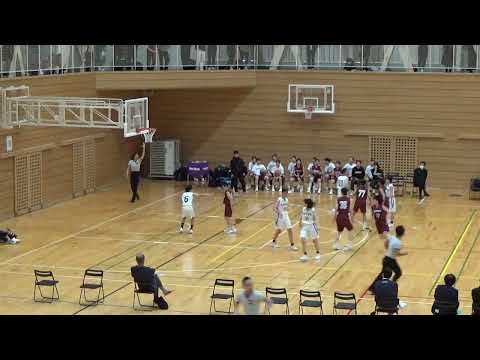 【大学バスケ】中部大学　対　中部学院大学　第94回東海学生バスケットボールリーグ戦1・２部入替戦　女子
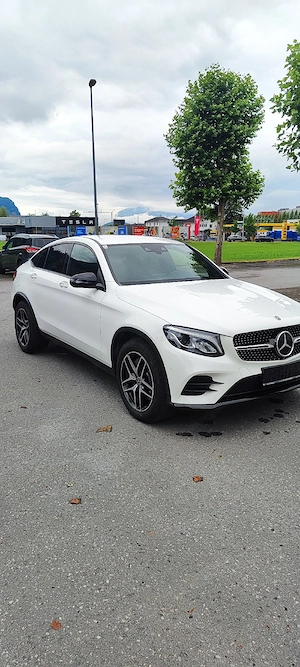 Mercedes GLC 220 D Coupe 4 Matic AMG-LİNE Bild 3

--

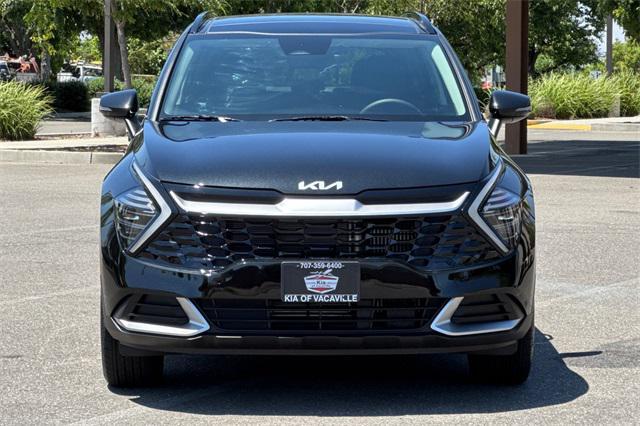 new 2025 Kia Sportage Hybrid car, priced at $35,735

--

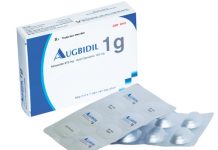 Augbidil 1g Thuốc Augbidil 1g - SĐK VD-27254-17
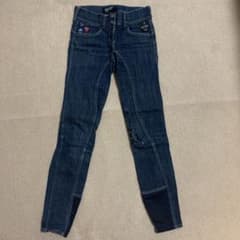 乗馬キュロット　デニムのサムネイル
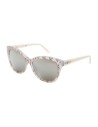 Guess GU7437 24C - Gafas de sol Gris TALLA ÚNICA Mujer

Task requirements
Your copy should hold only the lines above from the one containing "Augbidil 1g Thuốc" through the one containing "Guess GU7437 24C", exactly as written and free of pictures.

Result
 Augbidil 1g Thuốc Augbidil 1g - SĐK VD-27254-17
 乗馬キュロット　デニムのサムネイル
 Guess GU7437 24C - Gafas de sol Gris TALLA ÚNICA Mujer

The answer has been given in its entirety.